Certainly not all of the stories about Carema were correct – and KKR was keen to stress that when PEI asked about the investment at the time. “Since we have invested in Carema, we have never taken one cent out of the company; there have never been any dividends, all the revenues have been reinvested,” Henrik Kraft, leading KKR’s operations in the Nordics, told PEI in 2013. A Triton spokesperson told PEI at the same time: “There were a few instances where Carema didn't live up to quality standards, something for which both owners and company publically have apologised for.”
Nevertheless, the damage was done. During last year’s election campaign in Sweden, left wing politicians called for a ban on all private investments in welfare sectors. There’s currently an investigation into whether such a ban should indeed be imposed, but the results of this inquiry won’t be published until 2016.
This has led to huge uncertainty for GPs in Sweden, including EQT which owns the largest private school in the country. Because of the inquiry it is impossible to value the business, Thomas von Koch, EQT’s managing partner told PEI last November. “The effect of the investigation is that every bank is calling their clients invested in these [welfare sector] companies saying: just so you know, your credit facility will run out in six months’ time. The investigation is a decision by itself.”
So you can see why GPs in Sweden are keen to restore trust in private ownership – and have hence launched this Code. There is no doubt that reputational issues can be very damaging – and suspicion about private equity can also hurt deal flow. Much of the Code therefore addresses the need for transparency and engagement with stakeholders. The Code orders GPs for instance to have a website containing contact information and details about the ownership structure of the firm. Queries from both the media and the public should get a prompt response. The Code also urges GPs to behave responsibly when it comes to their tax affairs by not actively avoiding tax.

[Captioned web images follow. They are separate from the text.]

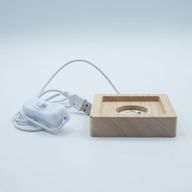8 cm quadratischer LED-USB-Ständer aus Holz – Kalt-/Warm-/Tageslicht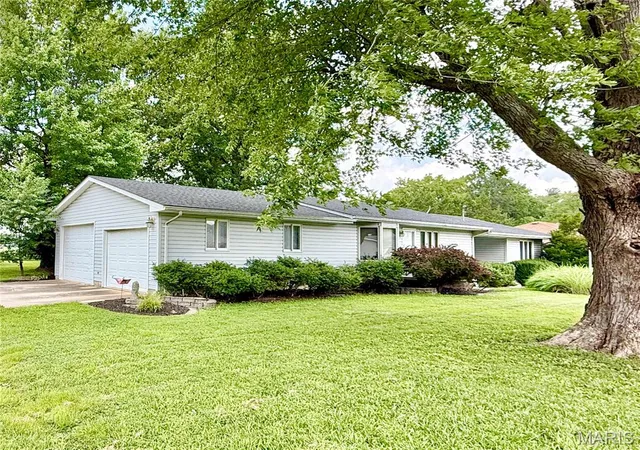 2nd image of 319 Fillmore St, Worden, IL 62097 | MLS# MIS26054351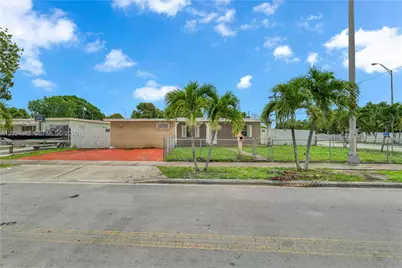 3651 W 2nd Ct, Hialeah, FL 33012 - Photo 2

The latter point however immediately illustrates the biggest problem of the Code: it doesn’t have any enforcing powers. Complaints can be made – by anyone – to a three-person supervisory board set up under the SVCA's auspices, which will assess whether GPs have acted as responsible owners. The board can also issue warnings to GPs, or in extreme cases recommend that the firm should be expelled from the association, a final decision of which would be decided by the board of the SVCA.
Also, because the Code is there to prevent bad ownership behaviour, assessing its results will be very difficult. If the Swedish public in a few years’ time doesn’t feel that the Code has done anything meaningful, then it will be easy to dismiss it as a lame duck, or label it a gimmick.
It’s also worth keeping in mind that there are still GPs in many markets refusing to talk to journalists or other stakeholders about investments in businesses that play a significant role in society. That code of silence will do little to dispel suspicions.
So the release of the Code should be applauded, even if its impact remains hard to predict. The fact that GPs have recognised the need to be more transparent about how they bring value to Swedish businesses – and not to flinch from the unexpected and unwelcome – is something the industry as a whole should acknowledge and emulate. Let's see GPs walk the walk.